Je pense parfois que tous les tyrans sont des u0026#xE9;crivaillons glorifiu0026#xE9;s, des hommes qui ru0026#xE9;u0026#xE9;crivent.

C’est Karoo, sorti en anglais en 1998 et en français en 2012 (1). Le deuxième et dernier roman de Steve Tesich, Serbe émigré aux Etats-Unis en 1957 et mort deux ans avant la parution du livre. Karoo, c’est le nom du type qui transforme les oeuvres en produits. Un bizarre type. Alcoolo, plein de mépris pour les mains qui le nourrissent, très fin, très lâche, très cultivé, très seul, incapable de manifester de la tendresse à sa famille, quinquagénaire qui voit sa vie partir en rien. Et lucide. Il sait qu’il ment, qu’il joue un personnage, qu’il feint l’ivresse, qu’il a réduit de véritables chefs-d’oeuvre à des machines à sous, qu’il se promet de dire cette fois sa façon de penser à cette ordure de producteur, les yeux bien dans ses yeux, il va voir où il peut se le carrer, son scénario remodelé, mais qu’il ne le fera jamais et donc marché conclu, merci d’avoir pensé à moi, on forme une putain de belle équipe.

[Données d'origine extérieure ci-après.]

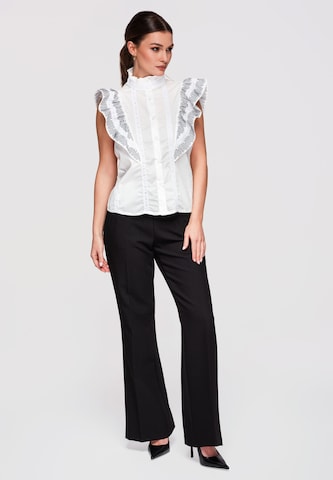 Ombre Blouse in White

Et en route pour la simplification de la condition humaine. Pour des gens qui savent, eux, ce que le public veut, ou comment on va se le mettre en poche, avec les liards, on va leur présenter un truc qu’ils vont acclamer, un triomphe, on peut viser un Oscar. Servile, Karoo. Mais pas fier. Puisqu’ « il m’arrive de me dire qu’Adolf Hitler, Joseph Staline, Pol Pot, Nicolae Ceausescu et d’autres ont intégré à leurs projets certaines techniques que j’utilise pour plier un scénario. Je pense parfois que tous les tyrans sont des écrivaillons glorifiés, des hommes qui réécrivent, comme moi. »

Jusqu’au jour où une mission sauvetage, donc massacre, qu’il a évidemment acceptée, évidemment confiée par cette ordure de producteur à qui je dirai un jour ma façon de penser, les yeux bien dans ses yeux, le soumet à une tentation : et si je réécrivais une vraie vie ? Si je modifiais le fil de l’existence de quelqu’un comme je reconstruis un film, en supprimant ça, en récupérant une scène coupée au montage initial, en introduisant ce personnage, en utilisant cette musique, en étant le scénariste, le narrateur et le réalisateur de cette nouvelle histoire, qui se terminerait bien…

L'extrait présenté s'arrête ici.